> _Work instruction_: Give the data below again exactly as written, but without the pictures.

> _Provided data_:
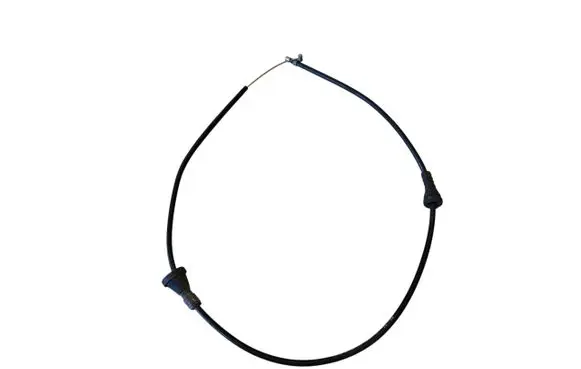 BMW 3 E46 Engine bonnet/hood lock release cable 8208442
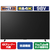 パナソニック 98V型 4K液晶(MiniLED) VIERA TV-98X97C-イメージ1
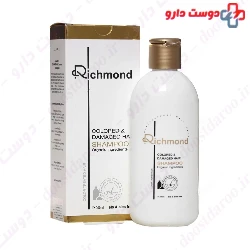 Cattos Colored And Damaged Hair Shampoo 200 Ml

> _Result_:
 BMW 3 E46 Engine bonnet/hood lock release cable 8208442
 パナソニック 98V型 4K液晶(MiniLED) VIERA TV-98X97C-イメージ1
 Cattos Colored And Damaged Hair Shampoo 200 Ml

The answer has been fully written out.